### Recorded data:
-=-=-

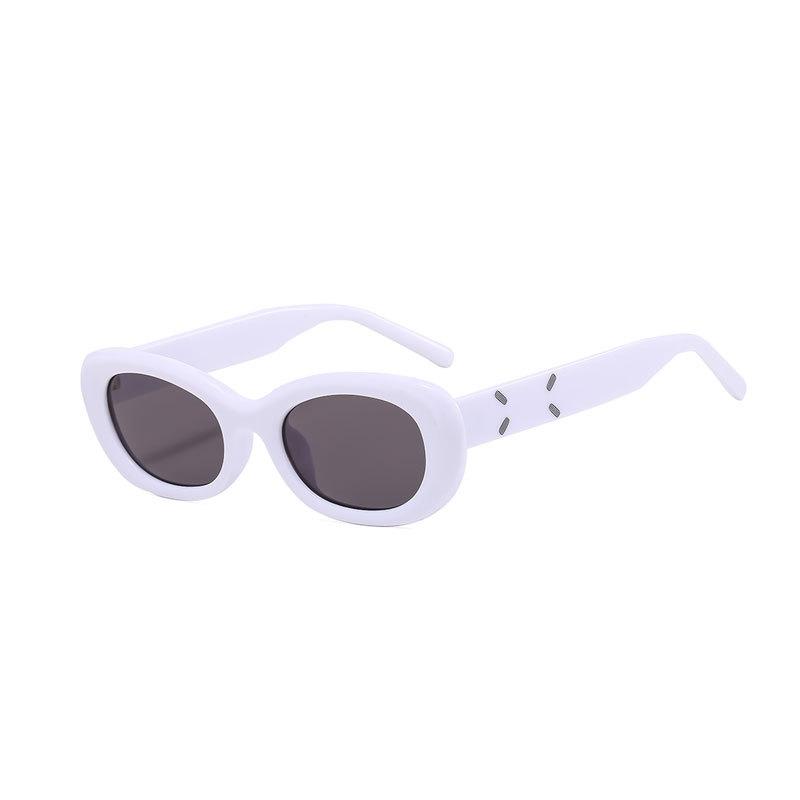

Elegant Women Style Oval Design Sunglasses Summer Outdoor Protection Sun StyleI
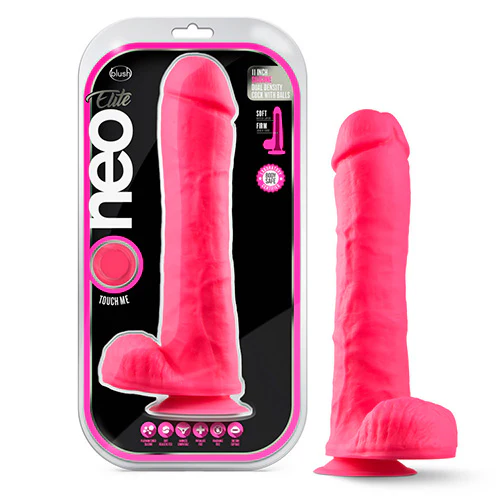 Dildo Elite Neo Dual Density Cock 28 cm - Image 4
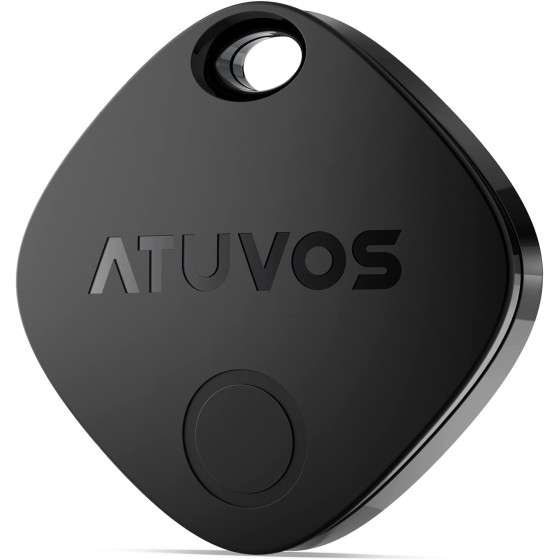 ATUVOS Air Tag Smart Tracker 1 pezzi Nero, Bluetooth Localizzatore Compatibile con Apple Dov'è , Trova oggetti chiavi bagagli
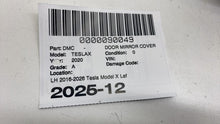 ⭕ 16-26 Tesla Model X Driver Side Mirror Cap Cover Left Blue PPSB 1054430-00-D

-=-=-

Restate the listing above word for word, and skip the pictures.

### Answer for this exercise:
Elegant Women Style Oval Design Sunglasses Summer Outdoor Protection Sun StyleI
 Dildo Elite Neo Dual Density Cock 28 cm - Image 4
 ATUVOS Air Tag Smart Tracker 1 pezzi Nero, Bluetooth Localizzatore Compatibile con Apple Dov'è , Trova oggetti chiavi bagagli
 ⭕ 16-26 Tesla Model X Driver Side Mirror Cap Cover Left Blue PPSB 1054430-00-D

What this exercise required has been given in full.